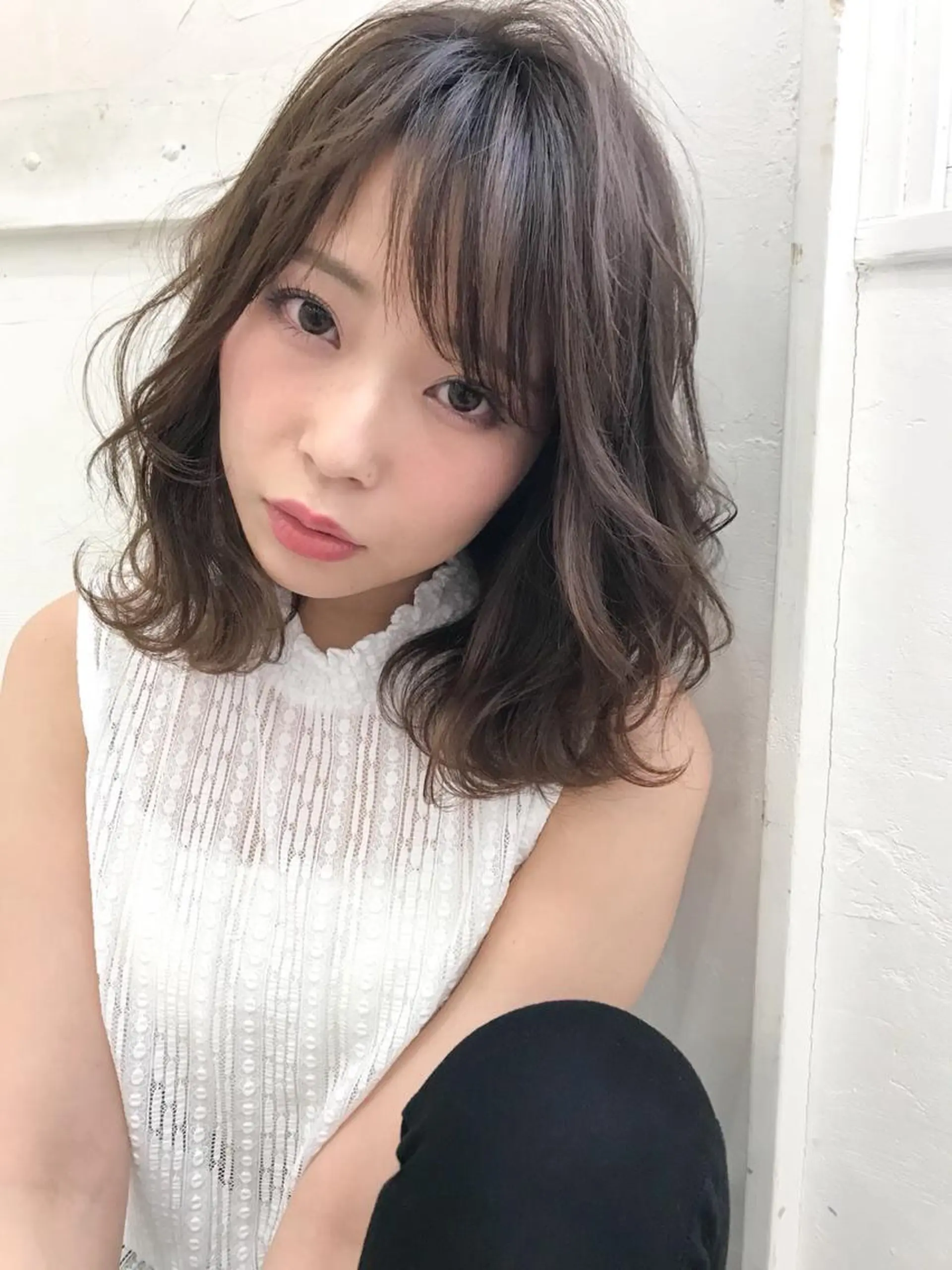 セミロング カラー ハイライト、レイヤー カット/西梅田/中西のヘアスタイル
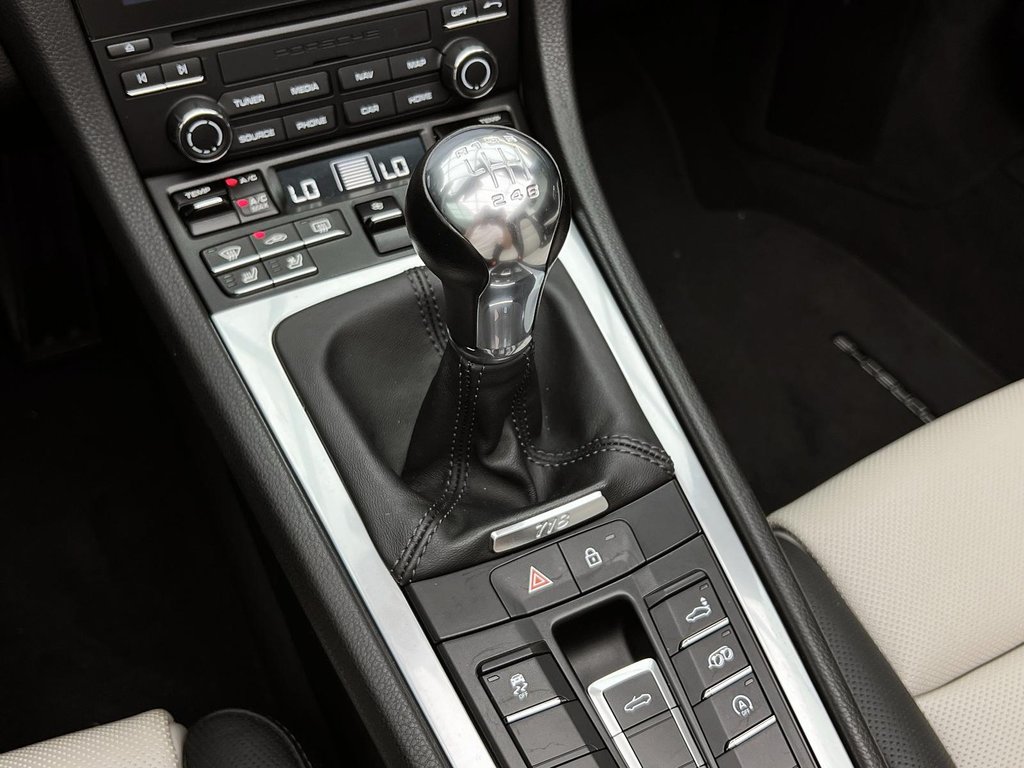 Porsche 718 Boxster S  Burmester, Sport Chrono & Prem Pack, 2023 à Laval, Québec - 23 - w1024h768px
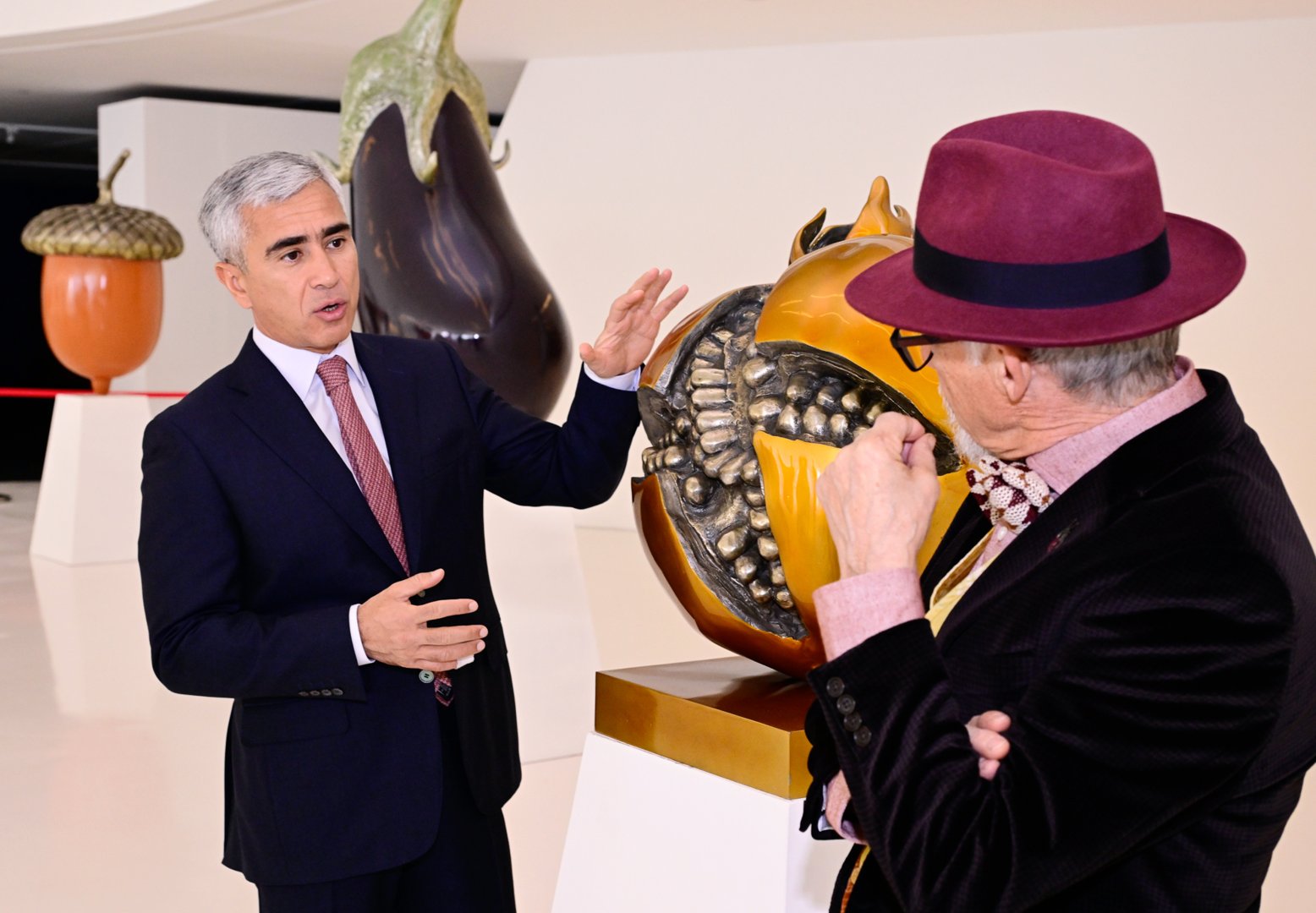 Heydar Aliyev Center hosts Italian sculptor`s exhibition "Gifts of Nature" (PHOTO/VIDEO)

#### [WHAT YOU WILL DO]
Transcribe the full listing above exactly as it stands, minus the pictures.

#### [SOLVED EXERCISE]
 セミロング カラー ハイライト、レイヤー カット/西梅田/中西のヘアスタイル
 Porsche 718 Boxster S  Burmester, Sport Chrono & Prem Pack, 2023 à Laval, Québec - 23 - w1024h768px
 Heydar Aliyev Center hosts Italian sculptor`s exhibition "Gifts of Nature" (PHOTO/VIDEO)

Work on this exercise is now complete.